Il ne s’agit pas de critiquer les demandes de la Finlande et de la Suède. Elles sont bien légitimes, ce sont nos amis, nos frères et leurs souhaits sont la conséquence de la sanglante aventure du régime de Poutine. Nous avons le devoir de les protéger, de leur ouvrir les portes et de renforcer l’alliance. En même temps il faudra garder ses nerfs si on veut évier ce qui pourrait être la « grande catastrophe ».
Voilà ce qu’inspire l’embouchure du fleuve d’où partit Magellan pour faire le tour du monde. Dans cette petite cité, la vie reste douce, les préoccupations légères, la joie et les plaisirs simples essentiels.

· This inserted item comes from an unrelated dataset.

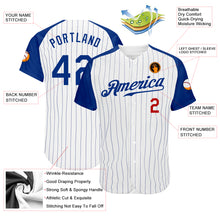 Laden Sie das Bild in den Galerie-Viewer, Custom White Royal Pinstripe Royal-Red Authentic Raglan Sleeves Baseball Jersey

On y regarde le monde et son avenir avec optimisme car le pire n’est jamais sûr.
Pierre-Michel Vidal
Pauvre Magellan qui n’a pas terminé son tour du monde assassiné en cours de’ route par des iliens qui le prenaient pour un prédateur. C’est son second qui a terminé le voyage dont le nom n’est pas passé à la postérité.
L’aventure est tragique et souvent la reconnaissance posthume. C’est le cas en effet. Ce sacrifice de soi, cette générosité ajoutent à sa grandeur. Je ne dirais pas ‘pauvre Magellan » car il fut le découvreur de mondes nouveaux et élargit notre horizon. Il participa ainsi à l’épopée du genre humain.